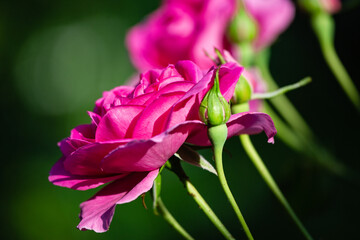 Rose flowers and  buds on a blurred green background - 457833338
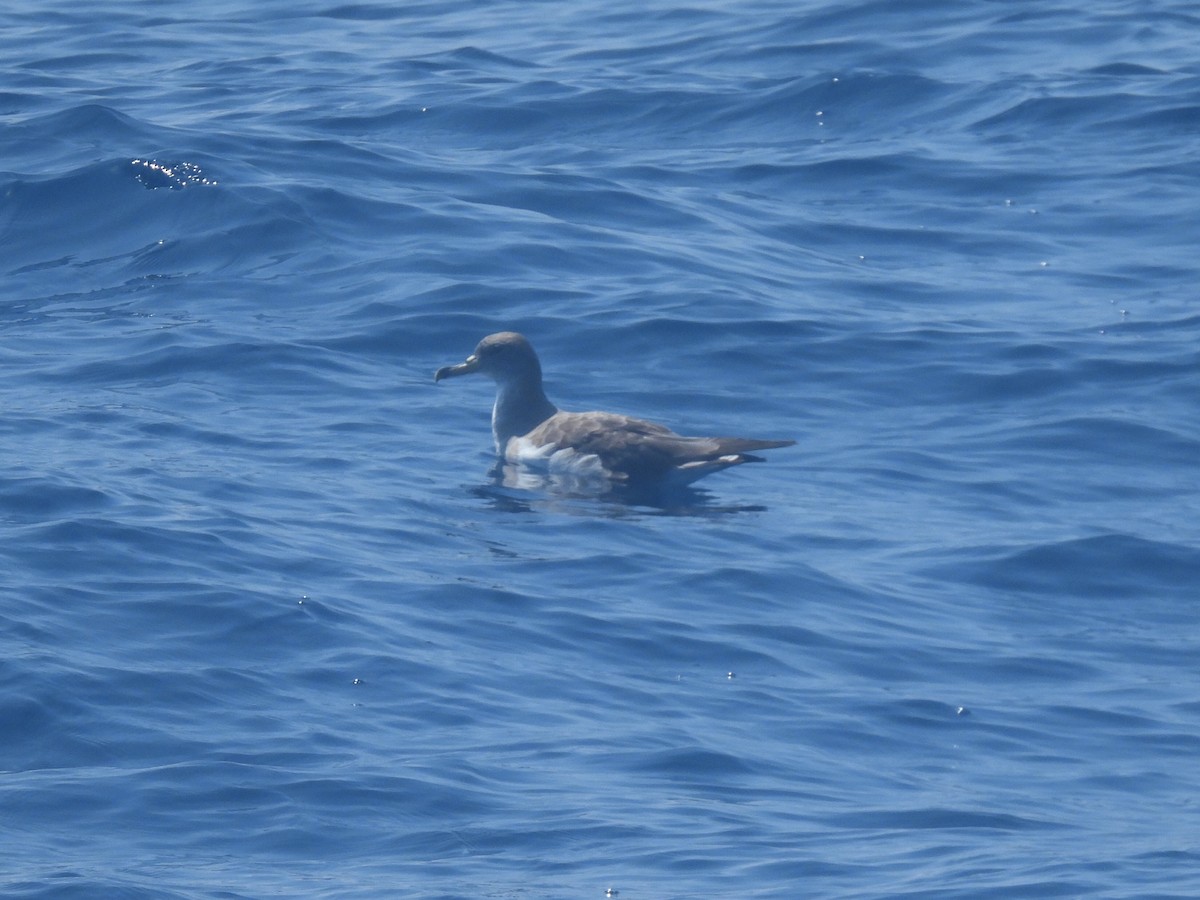 Scopoli's Shearwater - ML643721499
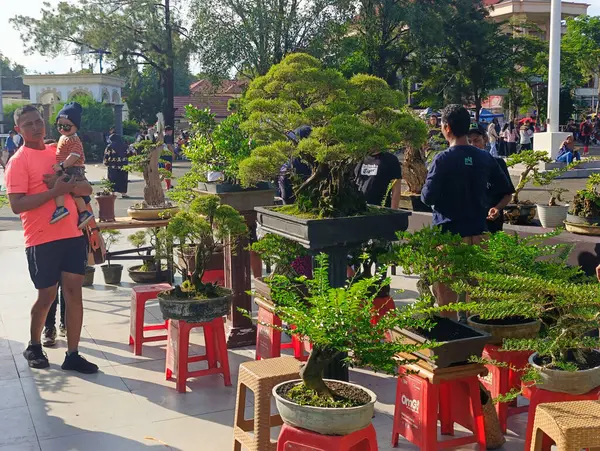 Banjarbaru-Endonezya, 9 Haziran 2024: Belediye meydanı yakınlarında Bonsai fabrikası satıcısı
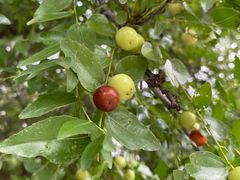 -北京鹫峰国家森林公园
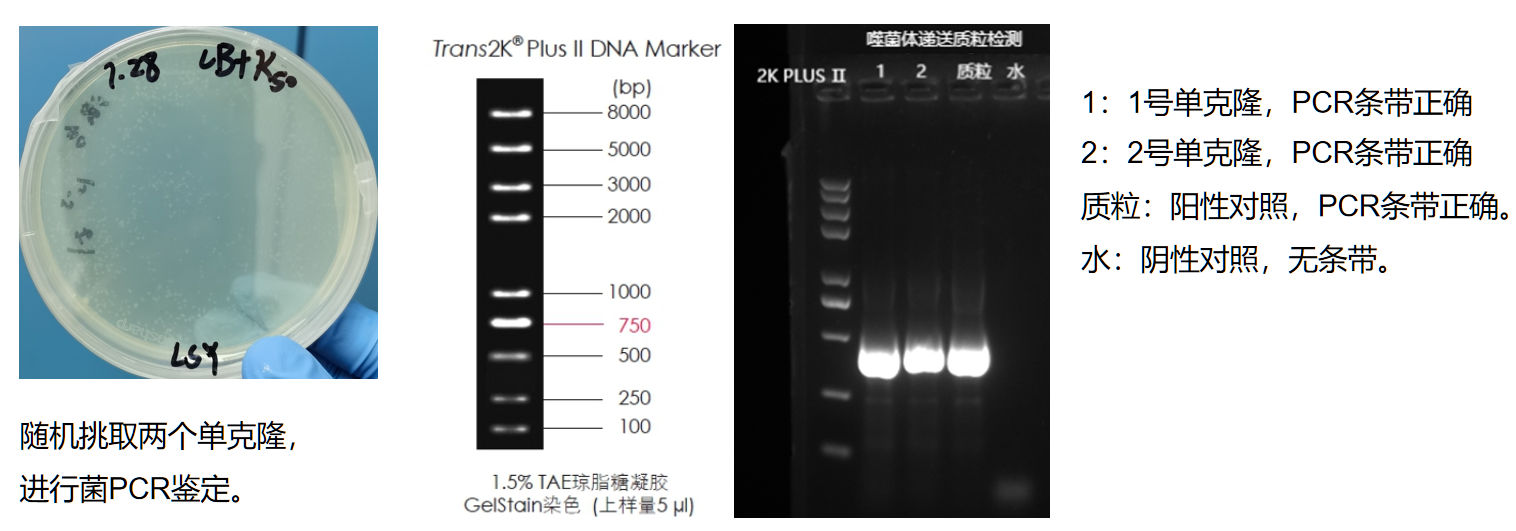 M13噬菌体3.png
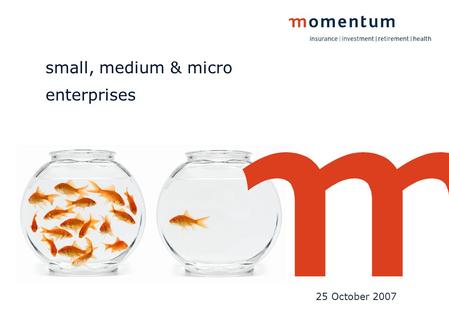 Small, medium & micro enterprises 25 October 2007.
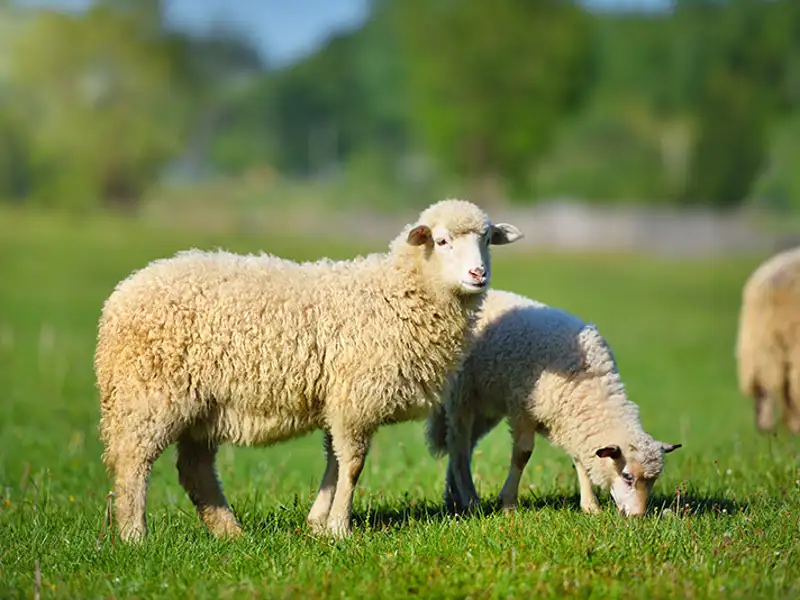 Sheep graze in a grassy field.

————

- [What you should do] The reply must contain every entry above, exactly as written, and none of the pictures.

- [Response to this exercise]
 Rose flowers and  buds on a blurred green background - 457833338
 Scopoli's Shearwater - ML643721499
 Banjarbaru-Endonezya, 9 Haziran 2024: Belediye meydanı yakınlarında Bonsai fabrikası satıcısı
 -北京鹫峰国家森林公园
 M13噬菌体3.png
 Small, medium & micro enterprises 25 October 2007.
 Sheep graze in a grassy field.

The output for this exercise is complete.